This is the datasets and Python code for Recognizing Quantity Names for Tabular Data. The paper can be found here. The presentation slides can be found here.
Since the size of datasets used in this experiments is too large, we share our datasets by providing a CSV file called id_url.csv, which contains dataset ID, CSV ID, and download URL for each individual dataset in each row. In our experiment, we put all the datasets in a folder named 'data', and name the dataset folder as its dataset ID, and CSV file folder as its CSV ID.
The structure is shown below:
|___ data
|___ dataset ID
|___ CSV ID
|___ data.csv
|___ dataset ID
|___ CSV ID
|___ data.csv
|___ dataset ID
|___ CSV ID
|___ data.csv
......
In each of the six .txt files name starts with 'quantity', there is a list of dataset IDs, CSV IDs, and column names that consist of our dataset for training and testing for each quantity name.

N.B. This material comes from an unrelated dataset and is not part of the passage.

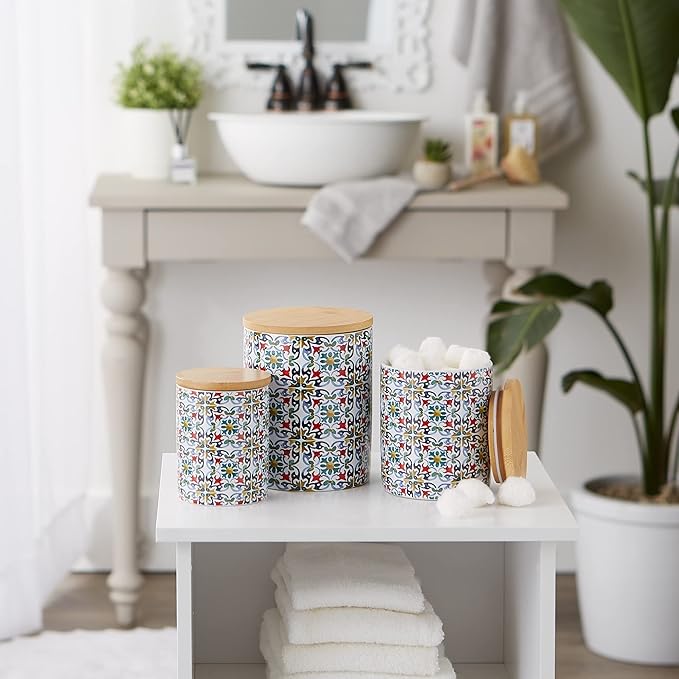 DII Kitchen Ceramics Collection Canister Set, Floral Tile, 3 Piece-Ruum Studio Home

There are two Python files in this repository, first run:
python feature_build.py
This process is relatively slow, since it needs to parse all the datasets list in those text files. The index along with a message 'ok' will be printed if that dataset is successfully read. If only the index is printed, it means there's an error reading the dataset.
After it is finished, six CSV files will be created containing the features of instances. Then run:
python cross_validation.py
Since we have already provided six CSV files here, this command can also be run individually.
The results will be printed then.